Today, the most obvious examples of AI in computational design can be found in BIM modelling applications, a number of which are described here by Dan Kara, practice director in robotics, automation and intelligent systems at market intelligence company ABI Research.
“AI is already used in terms of seismic modelling of buildings in earthquake zones, ensuring quality control of building materials such as steel and concrete, and in developing safety and logistics strategies that determine the best location of materials on construction sites in order to minimise obstacles and accidents and increase safety.”
So if these functions are already taking place, what other construction applications might AI offer in the future? According to Daniel Hulme, chief executive of AI solutions provider Satalia, over the next few years we will see “AI tools that will be able to perform ever more complex decision-making”. For many industry commentators, this boils down to significant AI advances in three main areas, namely machine learning, robotics and design.
Machine learning encompasses the very essence of AI, because it involves machines learning specific skills or functions without being explicitly programmed to perform them. Kara speculates that this might mean “machines being able to respond to construction site situations in real time without the need for them to be continually connected and reconnected to back-end servers and for a human to then download and analyse their information”.
Within a construction scenario, Kara gives the example of drone technology as being particularly well-suited to benefit from machine learning advances. He cites the development of quadcopters – small, robotic, four-motor propelled objects – as indicative of this expanding technology.
“In the past two years, use of drones has already expanded significantly in the agricultural sector. In construction they are increasingly used for applications where vertical movement is required, such as site inspections, progress videos and information gathering. Machine learning could enable these processes to be carried with even greater speed and efficiency.”
The technology that single-handedly captures the minds of many as the pre-eminent example of AI advancement – and one that could potentially play a huge role in the construction site of the future – is robotics.
“Robots are increasingly capable of performing a huge range of construction site duties,” explains Kara. “Machine digging, surveying, bricklaying, welding, demolition, excavation – these are all automated processes that a robot could potentially carry out more quickly and cheaply than a human.”
But even Kara acknowledges that robotics may have limitations on a construction site. He says: “Construction sites are not structured environments like a production line on a factory floor; they can be messy, uneven and exposed to inclement weather, all the things that robots don’t like.
“While robots can undoubtedly be more accurate than humans, their use on a building site might be optimised by concentrating on functions that require high repetition and heavy lifting, such as excavation and demolition. Away from site, robots – via 3D-modelling and printing – can also fabricate large-scale objects that humans can’t, such as columns and structural bracing.”

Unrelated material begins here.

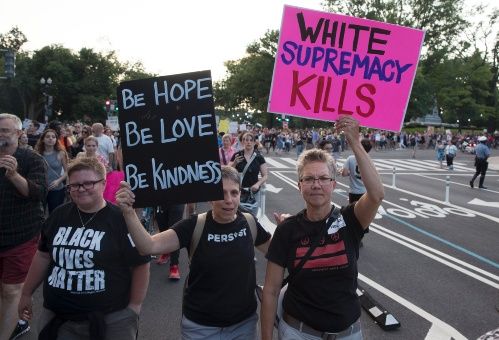 Cierran web de supremacistas blancos más antiguo de EE.UU. Cierran web de supremacistas blancos más antiguo de EE.UU.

Pfemeter agrees. “Many people have an idea that AI will mean robots laying bricks on sites. But ultimately this is a dead end and would be a waste of AI’s potential. Bricks are their size and shape simply to conform to the speed and strength of the human laying them. Robotics would be far better suited to tasks which humans are too slow and weak for, such as excavation, on-site assembly and off-site modular fabrication.”
According to both Pfemeter and Kara, AI should not be used to answer human physical problems but to ask what machines are capable of: an important theoretical distinction. “We need to find the right problems for AI to solve,” insists Pfemeter. For him, one of the biggest of these is the final discipline that AI could be on course to disrupt: design.
Anything that requires complex decision-making is ripe to be disrupted by AI, and that includes the areas of programme management and co-ordination that are intrinsic BIM concerns
Daniel Hulme, Satalia
The role of AI here is not design in the aesthetic sense, but in the sense of parameters, as Pfemeter explains. “Architects rely on building codes to design, but everyone knows that regulations are full of contradictions. The challenge is to utilise AI to devise an algorithm that can learn building codes in order to intuitively develop thousands of design options that all comply with regulations.”
While Pfemeter maintains that recent Graphisoft BIM software attempts to do just this (on the design of stairs in particular), he has philosophical misgivings about whether one of the biggest obstacles to AI advancement might actually be – ironically – BIM itself.
He says: “BIM is predominantly concerned with output, not design. But AI is potentially very good at design in terms of analysing a huge database of options and then making intelligent decisions within a constrained environment.
In essence, BIM is too limited in its current form and will need to adapt in order to make full use of the opportunities AI offers.”
But not everybody agrees, as Hulme demonstrates. “Anything that requires complex decision-making is ripe to be disrupted by AI, and that includes the areas of programme management and co-ordination that are intrinsic BIM concerns.”
The issue of BIM and AI compatibility will be crucial in determining the impact AI has on the wider construction industry. While Arcadis head of strategic research and insight Simon Rawlinson in no way sees BIM in its current form as an obstacle to AI, he does believe it might not immediately produce the fertile ground AI will need to flourish.
“BIM has undoubtedly produced lots of data, but the culture of the building industry is still very paper based. Moreover, there is also a question of the kind of data construction produces. Can it be configurable for AI in the way that data in sectors like asset management can easily measure performance? Plus, there is the issue of ‘black’ data – the huge amounts of data still held non-digitally, or digital data that has no metadata and is therefore hard to make sense of or use.”
Despite these structural industry constraints, Rawlinson believes that AI has the potential to offer the industry huge benefits, citing “logistics, safety, automation, efficiency, lower costs, shorter programmes and better co-ordination” as some of the key advantages. But, he warns, two things need to happen first.
“We need people with the skills and training to know how to fully optimise AI – this really isn’t here at the moment. Plus some sort of mechanism needs to be developed that settles concerns over liability. If something can’t be proven physically and you’re relying on an intelligent digital projection, there needs to be a set of rules in place that builds trust and confidence that what is promised is going to be delivered.”
And Cast’s Farmer sees AI adoption as central to the survival of the entire industry: “A mass AI roll-out and even open sourcing of disruptive technologies would bring contractors, subcontractors and different-sized construction companies on to a level digital playing field, while fundamentally changing the way we design, build and manage the built environment. An AI-led productivity revolution should also be preceded by a gradual automation of different levels in the construction supply chain, so that all sub-sectors benefit. The risk is that the industry ignores its onset, which then leads to more disruptive structural changes in employment, skills and job roles that people are not ready for and which are out of their control.”
As Farmer intimates, AI has not always been viewed as the brave new dawn that will be a positive boon for mankind. Both renowned physicist Stephen Hawking and inventor magnate Elon Musk have been scathing about AI’s potentially reductive impact on human existence and the danger of replacing human jobs with those performed by machines.
However, ABI Research’s Kara cites the development of the powered exoskeleton as an antidote to these fears. This is essentially a wearable full-body mobile machine that assists the wearer in performing repetitive or heavy-lifting tasks, increasing limb strength and endurance.
It can essentially be described as a robotic swimsuit. It is already used in a handful of airports and, says Kara, could form a significant aid to physical labour on construction sites, perhaps even adding a moral imperative to the AI revolution.
“Back injury is one of the biggest sources of sickness on construction sites, and exoskeletons can reduce injuries and actually help stem job losses by assisting manual labour and increasing worker safety. They thereby represent a way by which AI can add social and moral value. There is no doubt that AI technologies are going to happen. This could be one way of ensuring that the changes they introduce are a force for good for society as a whole.”